## What you should do
Starting with the line that has "Contramolde Combo Rectangular" in the records below and ending with the line that has "PLACA PRINCIPAL LG", output those lines exactly and nothing more; omit the pictures.
Extracted records START
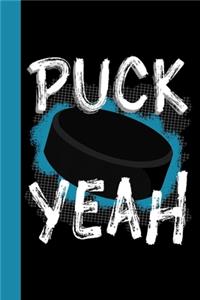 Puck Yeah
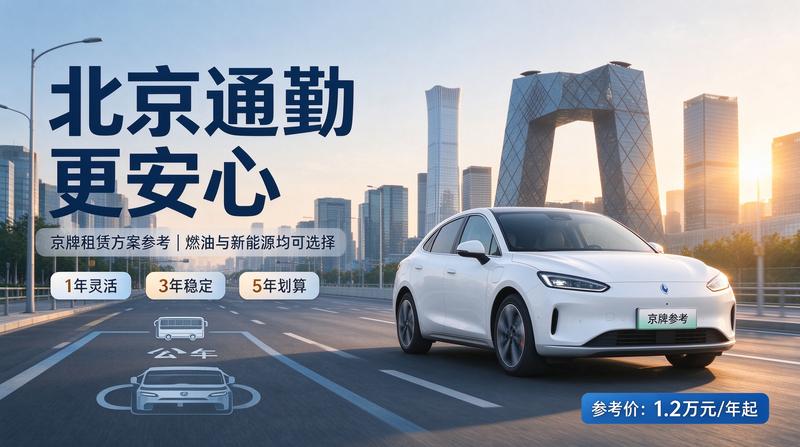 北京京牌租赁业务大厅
Extracted records END
Extracted records START
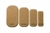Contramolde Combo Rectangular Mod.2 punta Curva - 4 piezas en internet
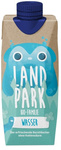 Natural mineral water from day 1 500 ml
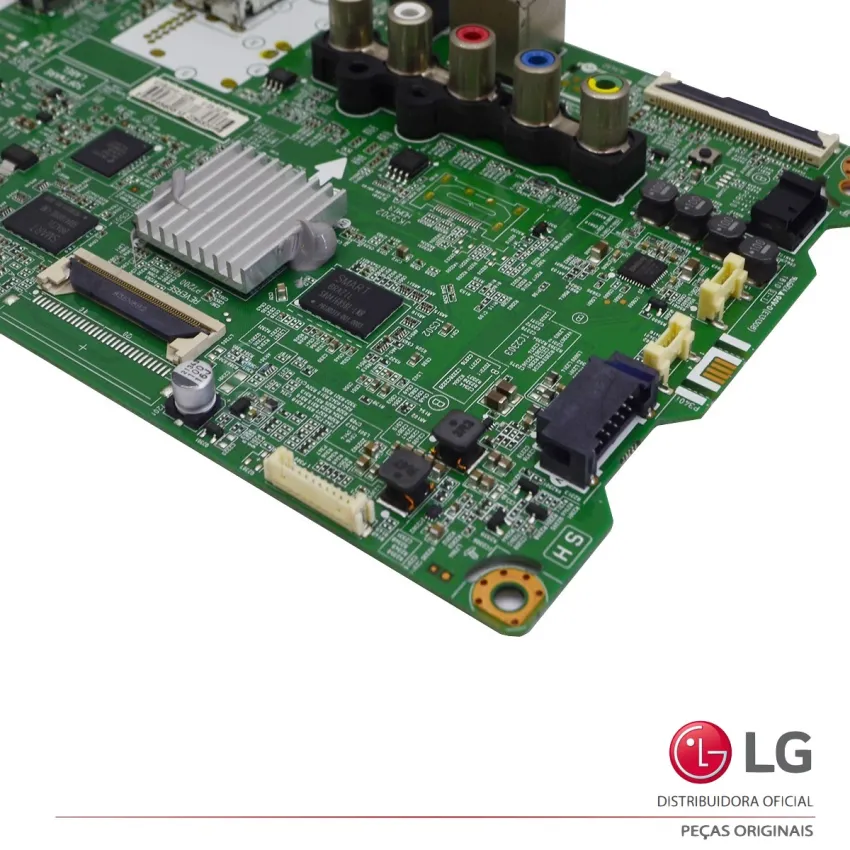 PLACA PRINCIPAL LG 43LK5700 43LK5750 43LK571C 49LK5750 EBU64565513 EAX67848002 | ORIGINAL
Extracted records END
## Result
Contramolde Combo Rectangular Mod.2 punta Curva - 4 piezas en internet
 Natural mineral water from day 1 500 ml
 PLACA PRINCIPAL LG 43LK5700 43LK5750 43LK571C 49LK5750 EBU64565513 EAX67848002 | ORIGINAL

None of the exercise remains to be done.